Amnesty International accueille avec satisfaction le rapport concernant les défenseur-e-s des droits de toutes les personnes en mouvement présenté par le rapporteur spécial sur la situation des défenseurs des droits de l’homme. 

Les attaques contre les défenseur-e-s des droits des personnes en mouvement sont devenues plus courantes ces dernières années, dans un contexte marqué par des discours de plus en plus négatifs sur les migrants, les réfugiés, les personnes déplacées à l’intérieur de leur pays et les apatrides.
 
Les défenseur-e-s des droits humains qui travaillent sur les droits des personnes en mouvement font l’objet du même type de restrictions et d’attaques que d’autres défenseur-e-s des droits humains qui subissent des formes multiples de discrimination et souffrent des inégalités structurelles. Ces personnes sont notamment victimes de menaces, d’agressions physiques, de campagnes de dénigrement, de stigmatisation et de harcèlement par l’utilisation abusive de l’appareil judiciaire. Comme le souligne le rapporteur spécial sur la situation des défenseurs des droits de l’homme dans son récent rapport : « Ces défenseurs, qui sont eux-mêmes, pour nombre d’entre eux, des personnes en déplacement, rencontrent une multitude de difficultés, en raison de certains aspects préoccupants des politiques migratoires dans le monde et de la tendance générale à la fermeture de l’espace civique aux défenseurs des droits de l’homme. »

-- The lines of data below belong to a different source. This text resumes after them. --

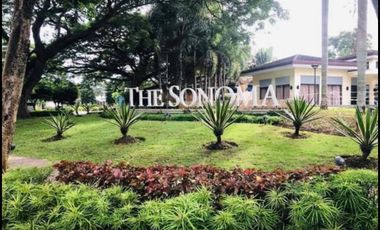 Lot For Sale in Santa Rosa City - THE SONOMA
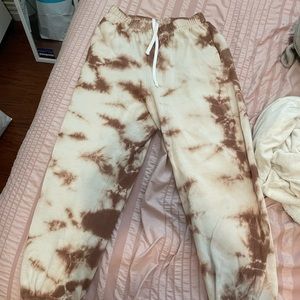 Garage Boyfriend Joggers Size Small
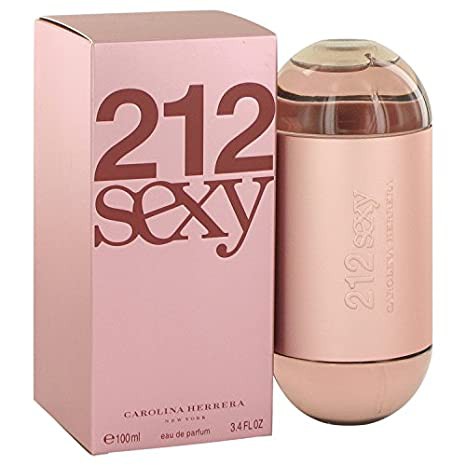 CH 212 SEXY EDP ORIGINAL 100ML
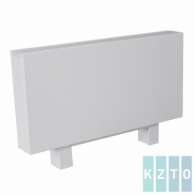 Напольный конветор отопления Элегант 110x250x600 1то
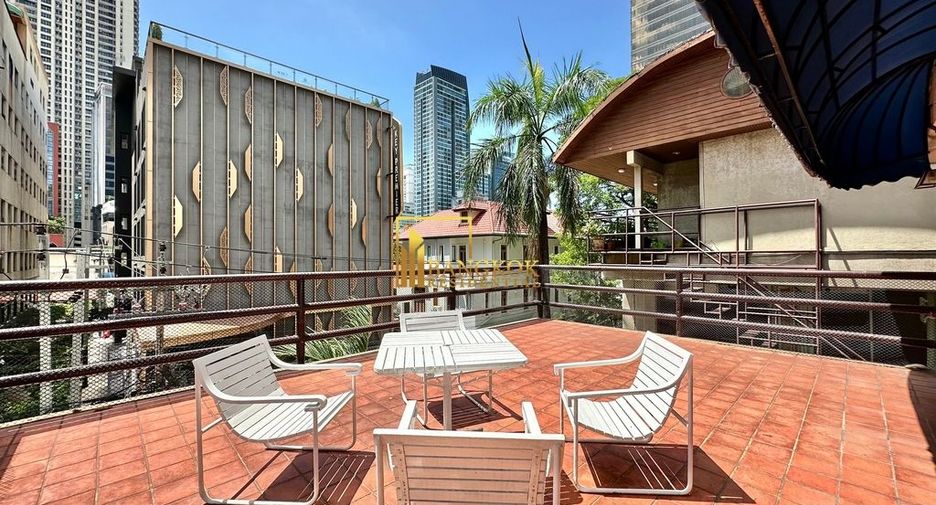For rent 2 bedrooms apartment in Khlong Toei, Bangkok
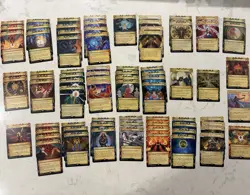 Magic the Gathering MTG For Blackhol68 Mystical Archives Rares - Image 1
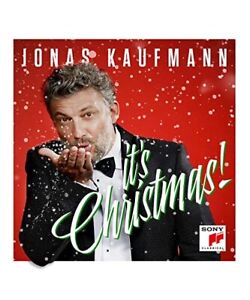 It's Christmas!, Jonas Kaufmann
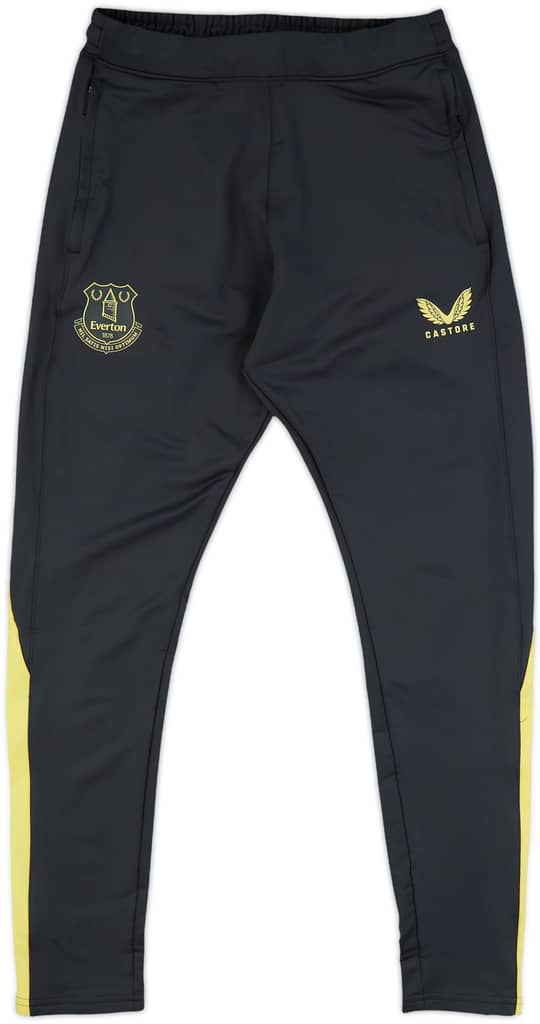 2024-25 Everton Castore Training Pants/Bottoms (S)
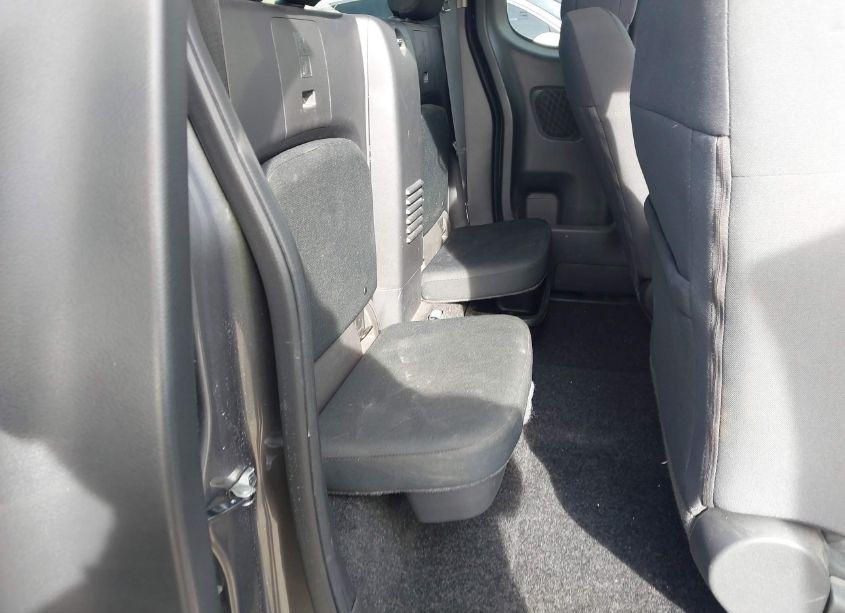 Photo 8 of 2022 Nissan Frontier KING CAB S 4X2 (VIN 1N6ED1CLXNN650984)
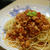 トマトソースパスタ☆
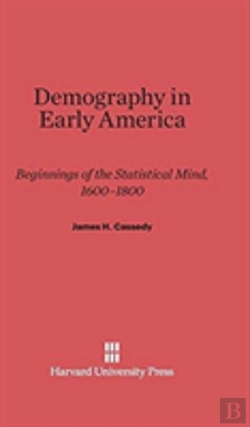 Bertrand.pt - Demography In Early America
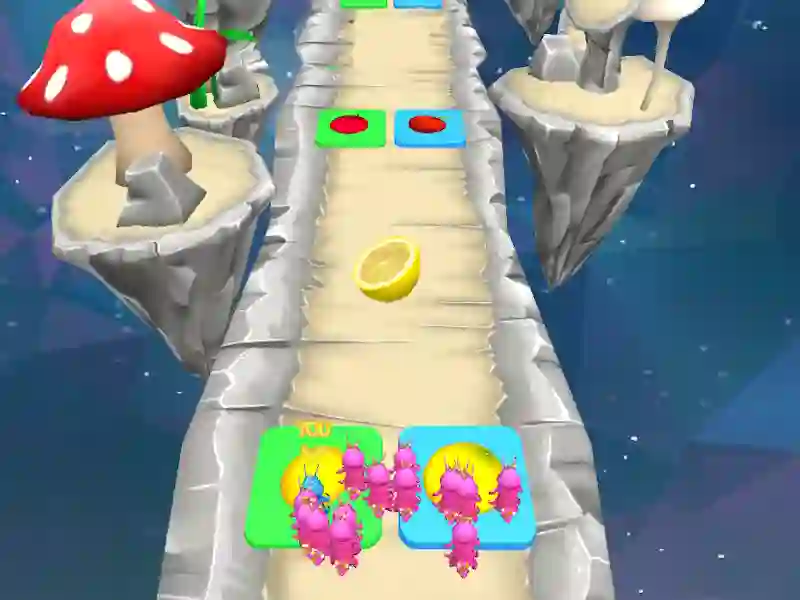 Juego Pequeños errores en línea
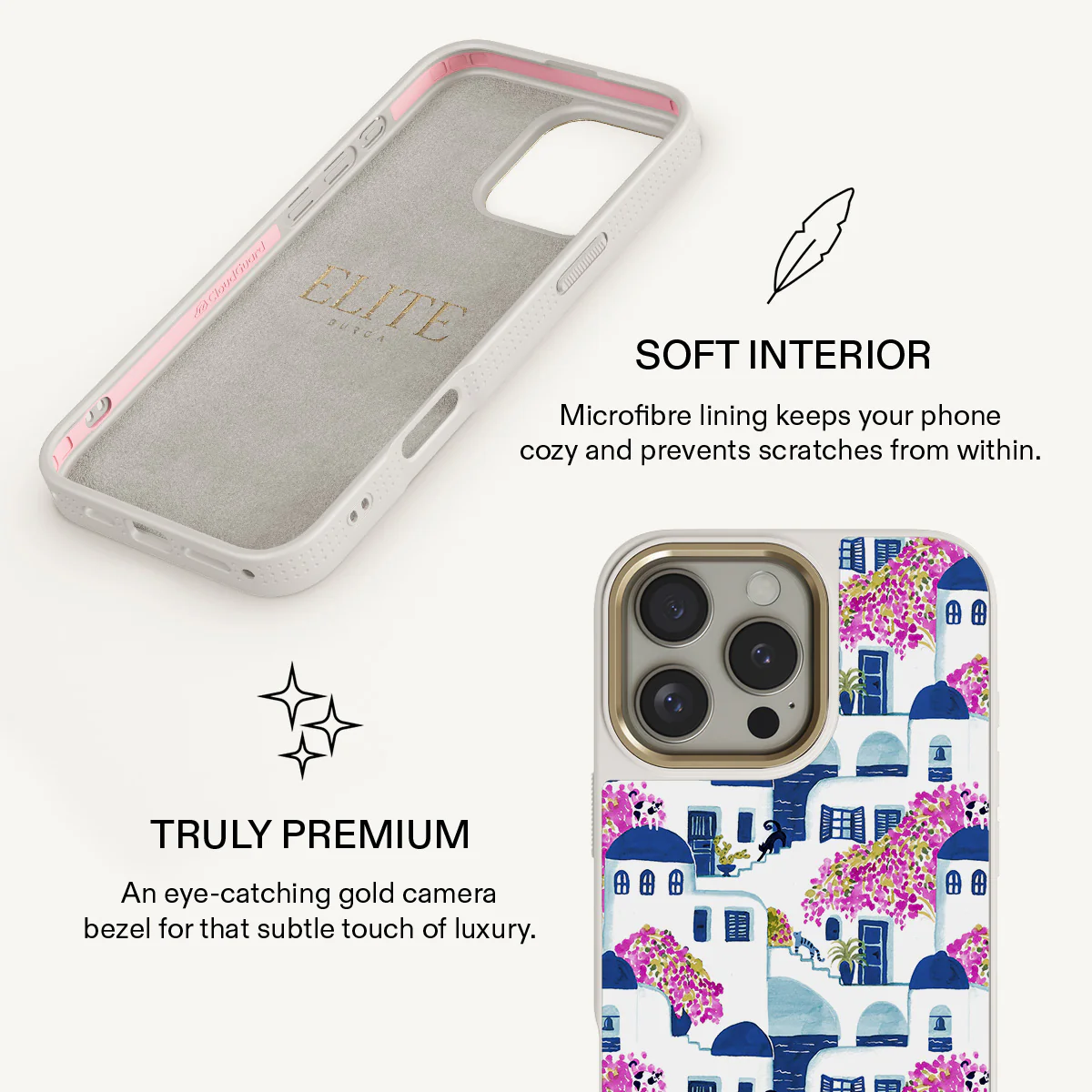 Santorini - iPhone 16 Pro Max Case - Image 25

Amnesty International a publié son Rapport 2017/18 le 22 février 2018. Ce rapport met en évidence les graves atteintes aux droits humains que subissent les réfugié-e-s, les migrant-e-s, les apatrides et celles et ceux qui défendent les droits de ces personnes.

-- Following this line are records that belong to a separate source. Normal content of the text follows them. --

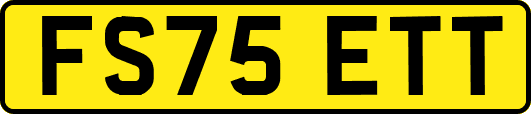 FS75ETT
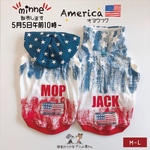アメリカ🇺🇸オヨウフク
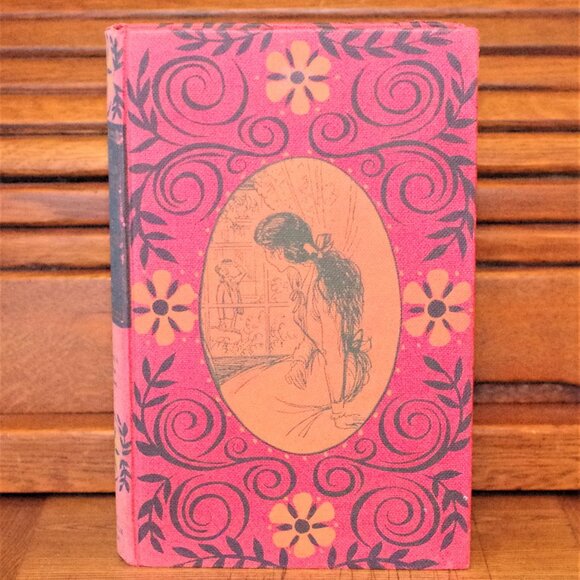 What Katy Did at School and What Katy Did Next by Susan Coolidge Vintage Book - Picture 1 of 9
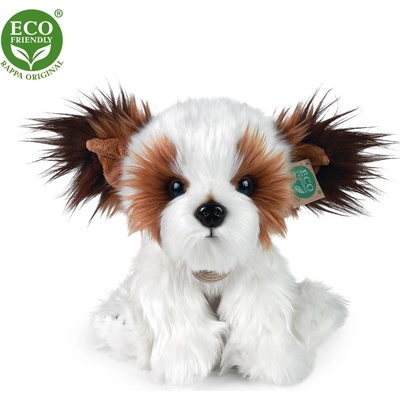 Pes shih tzu sedící 28 cm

Le Mexique, par exemple, a reçu un nombre record de demandes d’asile, émanant principalement de ressortissant-e-s de pays d’Amérique centrale fuyant la violence, mais n’a bien souvent pas accordé de protection à celles et ceux qui en avaient besoin. Des défenseur-e-s des droits humains qui apportaient une aide humanitaire à des migrant-e-s et des réfugié-e-s ont en outre fait l’objet de poursuites pénales infondées et ont été victimes de violentes représailles de la part de groupes criminels organisés.

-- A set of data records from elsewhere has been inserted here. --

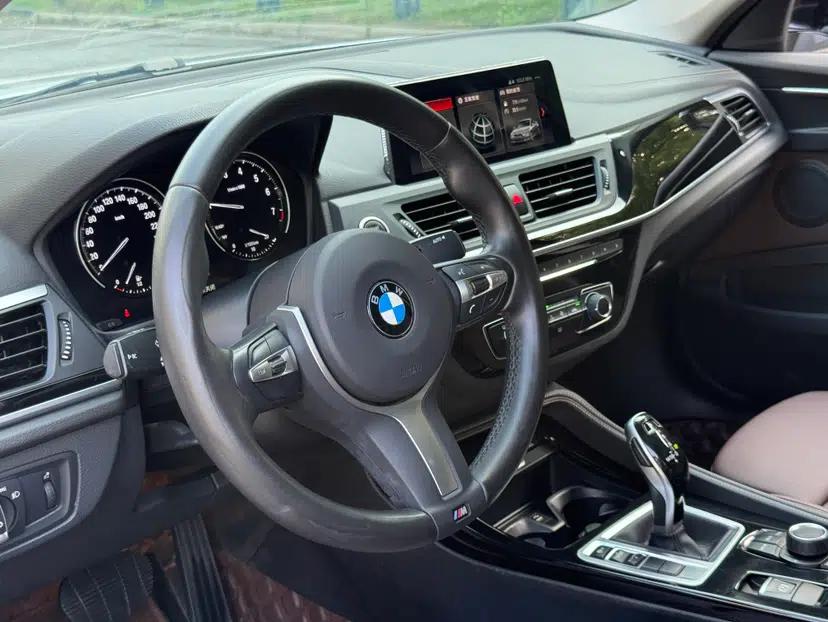 BMW 1 Series 2020 120i M Sport Package — миниатюра 30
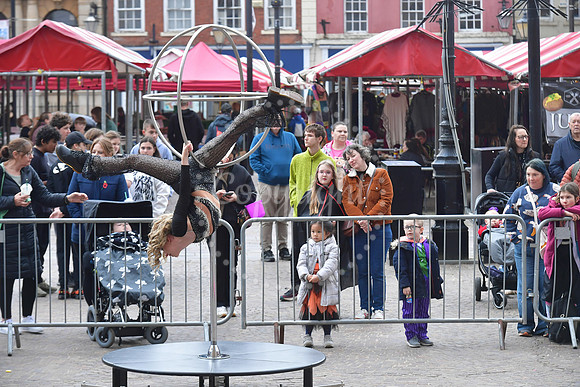 Newark Halloween Event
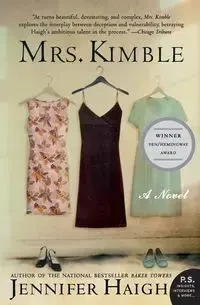Mrs. Kimble - Jennifer Haigh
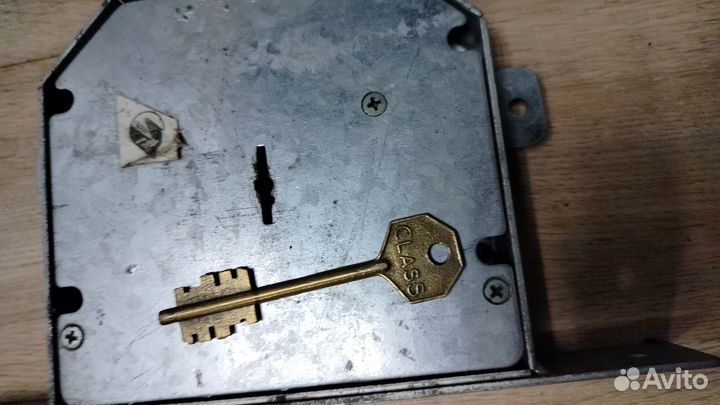 Замки ручки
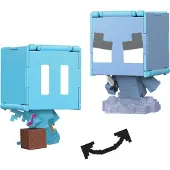 Minecraft Flippin' Figs JCN23, 6 jaar, , Blauw, Kunststof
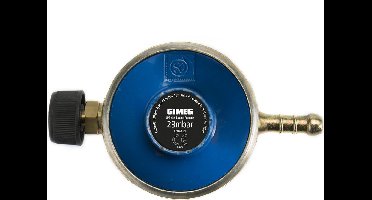 Gimeg gasdrukregelaar Campingaz - 29 mbar - Campingaz X slangpilaar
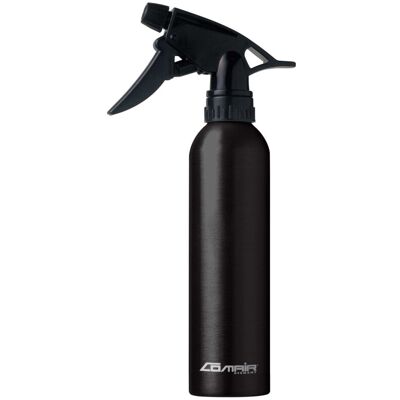 Comair Aluminium Sprühflasche schwarz 260 ml Comair Aluminium Sprühflasche schwarz 260 ml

La crise de l’apatridie en République dominicaine continue de toucher des dizaines de milliers de personnes d’origine haïtienne privées de leur nationalité dominicaine de manière rétroactive et arbitraire. Dans un tel contexte, les défenseur-e-s des droits des apatrides sont souvent victimes d’actes de harcèlement et d’intimidation et ont été la cible de campagnes de dénigrement.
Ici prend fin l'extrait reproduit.